A Time Series Dimensionality Reduction Method for Maximum Deviation Reduction and Similarity Search

  • Ruidong Xue

    Student thesis: Doctoral ThesisDoctor of Philosophy


    Similarity search over time series is essential in many applications. However, it may cause a “dimensionality curse” due to the high dimensionality of time series. Various dimensionality reduction methods have been developed. Some of them sacrifice max deviation to get a faster dimensionality reduction, such as equal-length segment dimensionality reduction methods: Piecewise Linear Approximation (PLA), Piecewise Aggregate Approximation (PAA), Chebyshev Polynomials (CHEBY), Piecewise Aggregate Approximation Lagrangian Multipliers (PAALM) and Symbolic Aggregate Approximation (SAX). Some sacrifice dimensionality reduction time for the smallest max deviation, such as adaptive-length segment dimensionality reduction methods: Adaptive Piecewise Linear Approximation (APLA) and Adaptive Piecewise Constant Approximation (APCA). APLA uses a guaranteed upper bound for the best max deviation with slow dimensionality reduction

    We investigate the existing basic dimensionality reduction techniques for time series data. We point out the limitations of the existing dimensionality reduction techniques and evaluate the dimensionality reduction techniques on real-life datasets. We also conduct preliminary research and make some improvements to the existing dimensionality reduction techniques. Our experimental results on several datasets compare and verify the efficiency and effectiveness of the existing techniques, including several dimensionality reduction techniques, one index-building method, and two k-Nearest Neighbours (k-NN) search methods.

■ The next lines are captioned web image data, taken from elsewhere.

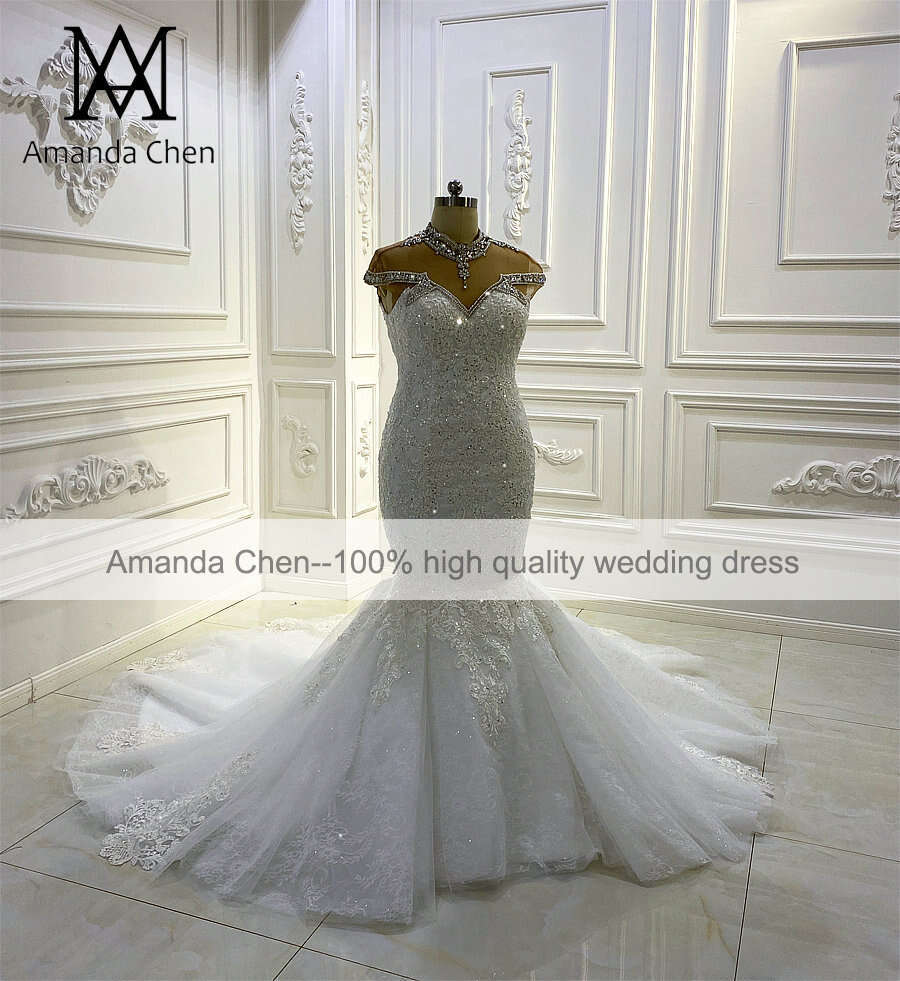 Cap Sleeve Lace Appliqued Mermaid Africa Wedding Dress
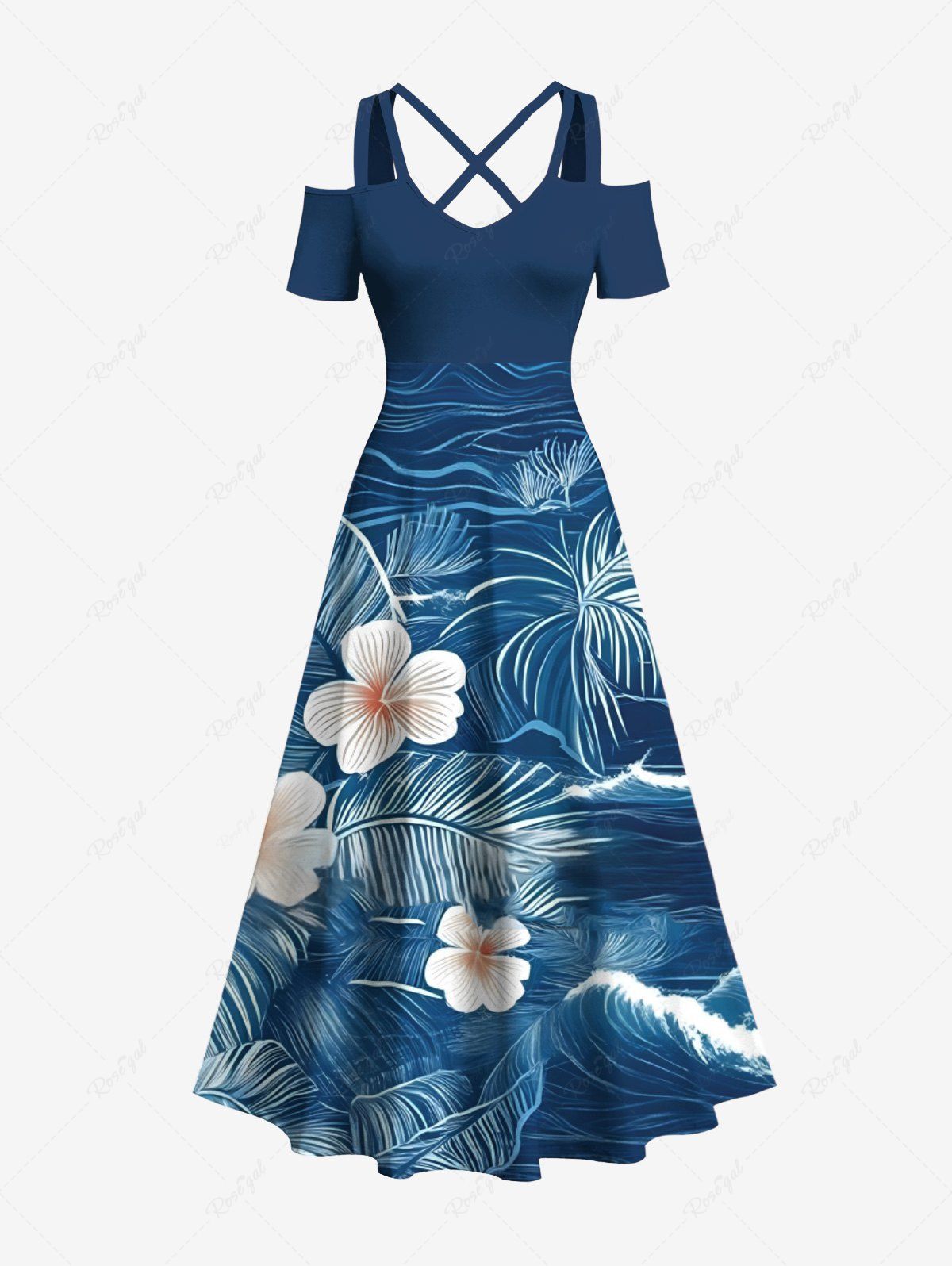 Robe longue trapèze croisée à épaules dénudées et imprimé tropical, motif hibiscus et fleurs, grande taille Bleu Ciel 6X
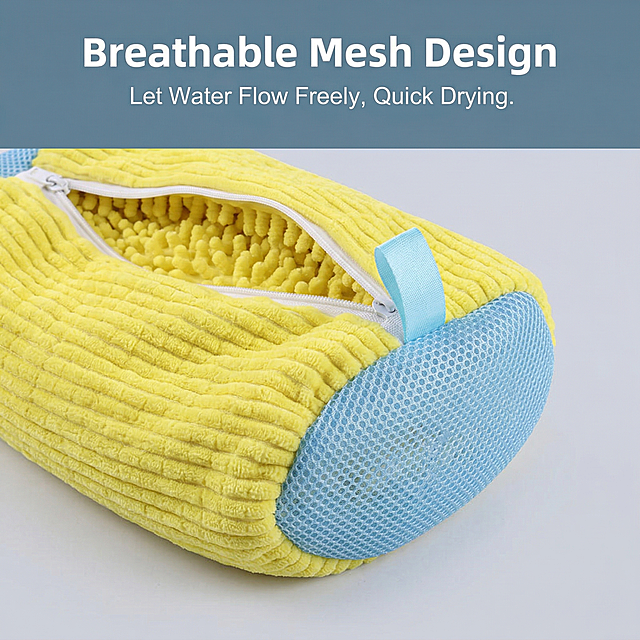 Based on the original product image, keep the yellow shoe washing bag appearance 100% unchanged. Close-up shows the breathable blue mesh design on both ends, highlight the ventilation feature. Light gray background, title "Breathable Mesh Design" at top, text "Let Water Flow Freely, Quick Drying" below, bold sans-serif English font, slice effect layout, product not cut, full screen background, keep original product shape and color, European and American cross-border style.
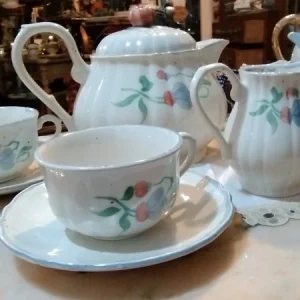 teiera e lattiera con coppia tazza e piattino salins les bains france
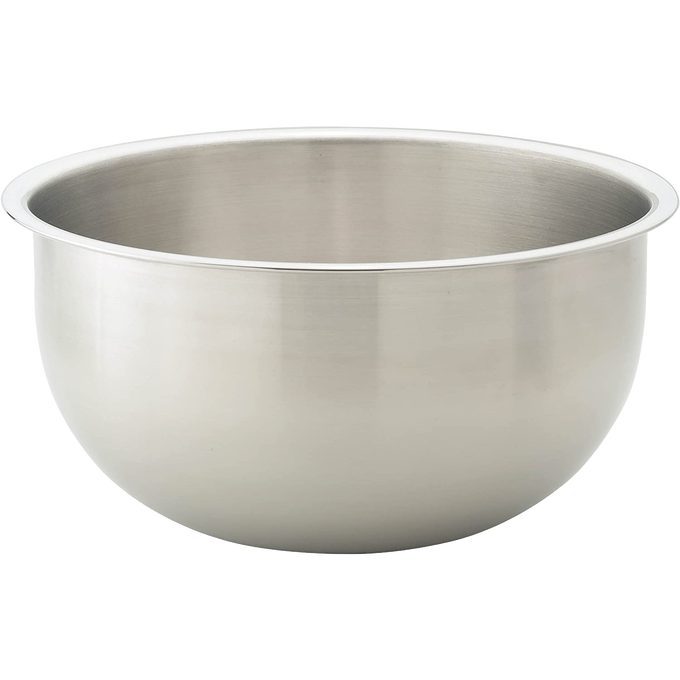 Heavy-duty stainless steel mixing bowl with wide lip, flat bottom, and deep sides designed for Kitchen & Food, Cookware, Baking Supplies, Holiday Hosting, and Best Sellers collections.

    We propose an adaptive-length segment dimensionality reduction method called Self Adaptive Piecewise Linear Approximation (SAPLA). It consists of 1) initialization, 2) split & merge iteration, and 3) segment endpoint movement iteration. Increment area, reconstruction area, conditional upper bound and several equations are applied to prune redundant computations. The experiments show this method can speed up about n (time series length) times than APLA when reducing the dimensionality of the original time series with minor max deviation loss. We propose a lower bound distance measure between two time series to guarantee no false dismissals and tightness for
    adaptive-length segment dimensionality reduction methods. When mapping time series into a tree index, we propose Distance Based Covering with Convex Hull Tree (DBCH-tree) and split node and pick branch by using the proposed lower bounding distance, not waste area. Our experiments show that DBCH-tree helps improve k-NN search over time series using dimensionality reduction methods.
    Date of AwardDec 2021
    Original languageEnglish
    SupervisorHongxia Wang (Supervisor)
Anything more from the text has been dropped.